En définitive, l’avenir de l’Afrique ne se joue pas seulement dans ses taux de croissance à deux chiffres mais davantage dans sa capacité à se réapproprier son destin c’est-à-dire ses choix, ses téléologies, d’être en mesure d’élaborer une réflexion libre et autonome. Se détacher de ces « écomythes », ces critères d’évaluation prétendument objectifs et universels comme le PIB ou le développement, qui donnent l’impression que les pays africains sont « sous-développés » ou en retard.
L’Afrique n’a personne à rattraper et elle n’est point « mal partie ». Sa modernité est déjà là, présente et rayonnante, il suffit de savoir l’apprécier au prisme du regard africain. Tel est l’ambition ultime du projet « afritopien », présenter un autre visage de l’Afrique des possibles.
Références
[2] L’économie est importante, mais elle n’est pas fondamentale et surtout pas seule. C’est une erreur méthodologique de penser le continent principalement à travers ce prisme. Il faut adopter une approche systémique et holistique qui prend en compte le politique, le culturel et le symbolique.

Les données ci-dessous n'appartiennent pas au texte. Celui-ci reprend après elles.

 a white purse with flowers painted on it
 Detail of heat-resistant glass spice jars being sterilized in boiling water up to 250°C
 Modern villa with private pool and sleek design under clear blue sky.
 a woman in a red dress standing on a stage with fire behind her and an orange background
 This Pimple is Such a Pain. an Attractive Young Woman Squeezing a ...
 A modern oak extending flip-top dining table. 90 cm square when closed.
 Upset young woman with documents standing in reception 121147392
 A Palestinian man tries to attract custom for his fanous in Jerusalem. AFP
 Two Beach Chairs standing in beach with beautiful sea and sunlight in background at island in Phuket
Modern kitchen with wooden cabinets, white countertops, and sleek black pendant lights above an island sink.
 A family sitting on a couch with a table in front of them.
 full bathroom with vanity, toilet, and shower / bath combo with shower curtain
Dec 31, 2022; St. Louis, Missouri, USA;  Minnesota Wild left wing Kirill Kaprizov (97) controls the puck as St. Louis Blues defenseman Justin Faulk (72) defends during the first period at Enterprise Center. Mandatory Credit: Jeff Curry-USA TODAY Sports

[3] Sans amélioration du bien-être, de la santé et de l’éducation, sans réduction des inégalités, bref, sans renforcement du développement humain, la croissance africaine apparaîtrait comme une victoire à la Pyrrhus car elle serait dans l’incapacité de participer à la réduction de la pauvreté.
[4] Afrotopia, néologisme de Felwine Sarr, désigne « une utopie active qui se donne pour tâche de débusquer dans le réel africain les vastes espaces du possible et les féconder ».
[5] Edward Saïd dans son célèbre ouvrage, L’Orientalisme : L’Orient créée par l’Occident, nous invite d’ailleurs à déconstruire ces pseudo représentations et images que l’Etranger véhicule sur l’Autre. Images qui par la longue auront un impact sur notre autoreprésentation puisqu’on n’arrive parfois plus à discerner le vrai de l’ivraie.
[6] C’est le projet de Frantz Fanon dans Peau Noire, masques blancs où il montre comment les infrastructures psychiques des Africains ont été absolument détruites après cinq siècle de colonisation. L’entreprise coloniale pour s’établir et durer a eu besoin de convaincre les populations que leurs systèmes de sens et de signification n’étaient pas bons et qu’il fallait les remplacer par ceux de l’occupant. D’où l’installation d’une conscience clivée et aliénée qu’il faut désormais reconstruire à travers le projet « Afrotopia ».